Eukaryotes have varying numbers and structures of characteristic chromosomes across lineages or species. The evolutionary trajectory of species may have been affected by spontaneous genome rearrangements. Chromosome fusion drastically alters karyotypes. However, the mechanisms and consequences of chromosome fusions, particularly in muntjac species, are poorly understood. Recent research-based advancements in three-dimensional (3D) genomics, particularly high-throughput chromatin conformation capture (Hi-C) sequencing, have allowed for the identification of chromosome fusions and provided mechanistic insights into three muntjac species: Muntiacus muntjak, M. reevesi, and M. crinifrons. This study aimed to uncover potential genome rearrangement patterns in the threatened species Fea's muntjac (Muntiacus feae), which have not been previously examined for such characteristics. Deep Hi-C sequencing (31.42 × coverage) was performed to reveal the 3D chromatin architecture of the Fea's muntjac genome. Patterns of repeated chromosome fusions that were potentially mediated by high-abundance transposable elements were identified. Comparative Hi-C maps demonstrated linkage homology between the sex chromosomes in Fea's muntjac and autosomes in M. reevesi, indicating that fusions may have played a crucial role in the evolution of the sex chromosomes of the lineage. The species-level dynamics of topologically associated domains (TADs) suggest that TAD organization could be altered by differential chromosome interactions owing to repeated chromosome fusions. However, research on the effect of TADs on muntjac genome evolution is insufficient. This study generated Hi-C data for the Fea's muntjac, providing a genomic resource for future investigations of the evolutionary patterns of chromatin conformation at the chromosomal level.

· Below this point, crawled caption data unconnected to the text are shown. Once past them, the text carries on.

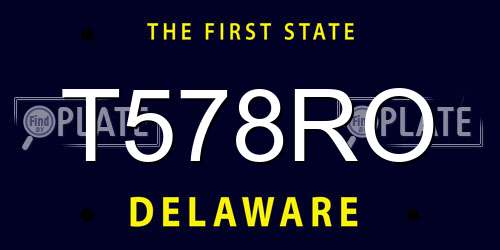 T578RO Delaware License Plate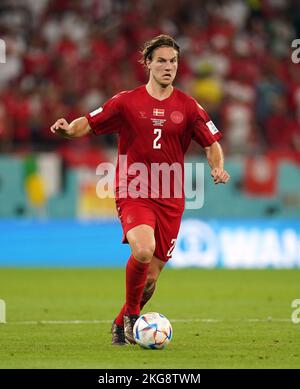 Denmark's Joachim Andersen during the FIFA World Cup Group D match at Education City Stadium, Al Rayyan, Qatar. Picture date: Tuesday November 22, 2022. Stock Photo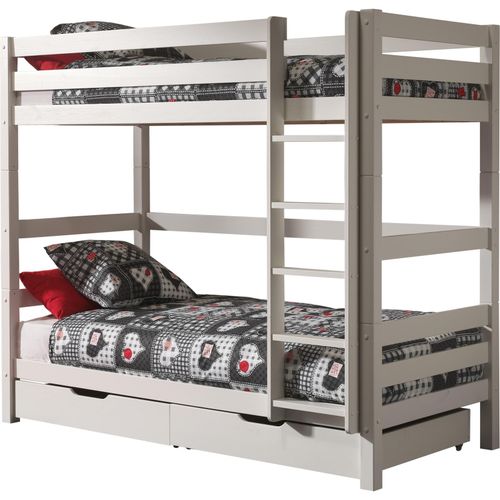 5420070212755 - Kinderzimmer Hochbett mit Leiter PINOO-12 in Kiefer massiv weiß lackiert B H T ca 210 182 105 cm 5420070212755 - Kinderzimmer Hochbett mit Leiter PINOO-12 in Kiefer massiv weiß lackiert B H T ca 210 182 105 cm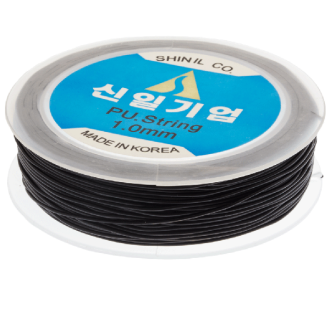 Zwart elastiek rijgdraad 1mm 25m van DREAMBEADS A2308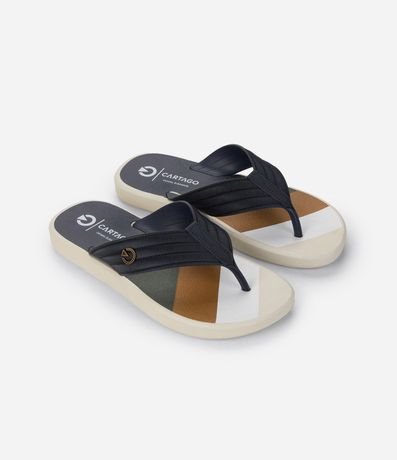 Ojota de Tiras Largas con Texturas Pespontas y Estampa 2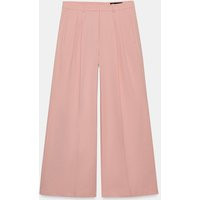 Zara - Zw Collection Pleated Wide Leg Pants - Pastel Pink - L - Woman | Zara US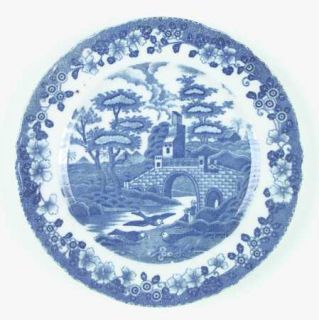Blue Castle Blu1 Luncheon Plate, Fine China Dinnerware   Blue Floral Rim & Cente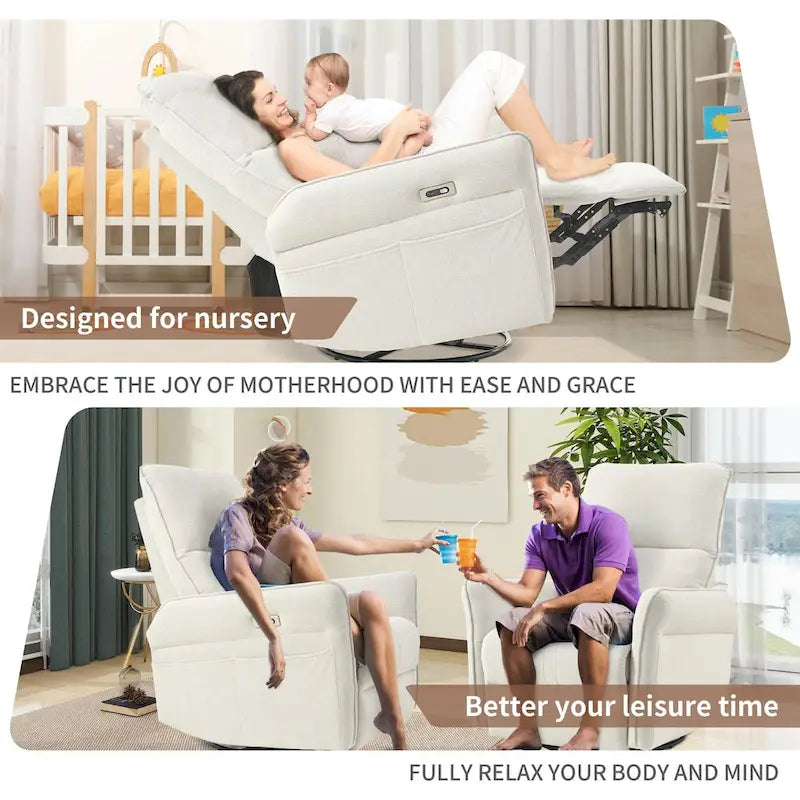 Fauteuil inclinable électrique pivotant 270° avec ports USB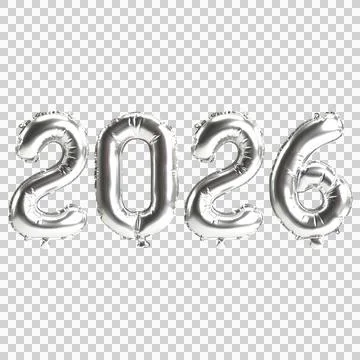 3d Illustration of Silver 2026 Balloon Numbers on transparent Background Stock Illustration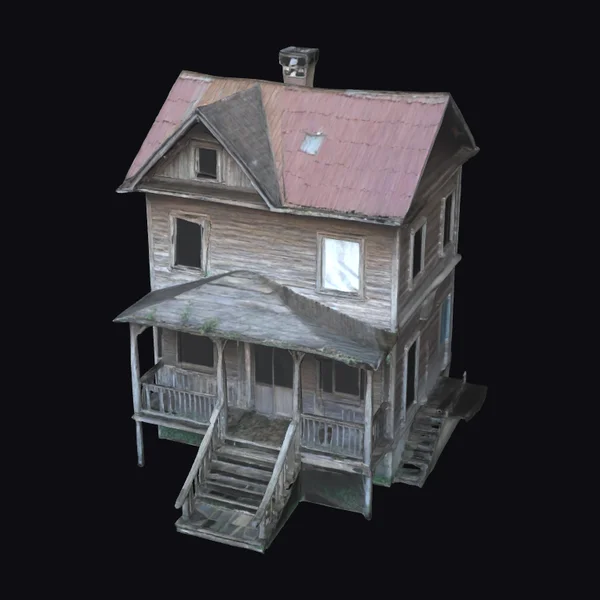Abandoned Wooden Two Story House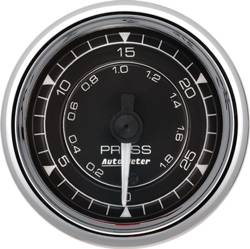 AutoMeter - AutoMeter 9764 Chrono Chrome Fuel Pressure Gauge 30PSI 2-1/16" Stepper Motor - Image 1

真核生物在不同的谱系或物种中具有不同数量和结构的特征染色体。物种的进化轨迹可能受到自发基因组重排的影响。染色体融合会极大地改变核型。然而,染色体融合的机制和后果,特别是在麂属物种中,仍知之甚少。基于最近的三维(3D)基因组学的研究进展,特别是高通量染色质构象捕获(Hi-C)测序,已经能够识别染色体融合,并为三种麂属物种(Muntiacus muntjak、M. reevesi 和 M. crinifrons)提供了对其机制的深入了解。本研究旨在揭示受威胁物种菲氏麂(Muntiacus feae)中的潜在基因组重排模式,此前尚未对这些特征进行研究。进行了深度 Hi-C 测序(31.42×覆盖度)以揭示菲氏麂基因组的 3D 染色质结构。鉴定出可能由高丰度转座元件介导的重复染色体融合模式。比较 Hi-C 图谱表明,菲氏麂的性染色体与 M. reevesi 的常染色体之间存在着连锁同源性,这表明融合可能在该谱系的性染色体进化中发挥了关键作用。拓扑关联域(TAD)的种间动态表明,由于重复染色体融合,TAD 组织可能会因染色体之间的相互作用而发生改变。然而,关于 TAD 对麂属基因组进化影响的研究还不够充分。本研究为菲氏麂生成了 Hi-C 数据,为未来在染色体水平上研究染色质构象的进化模式提供了基因组资源。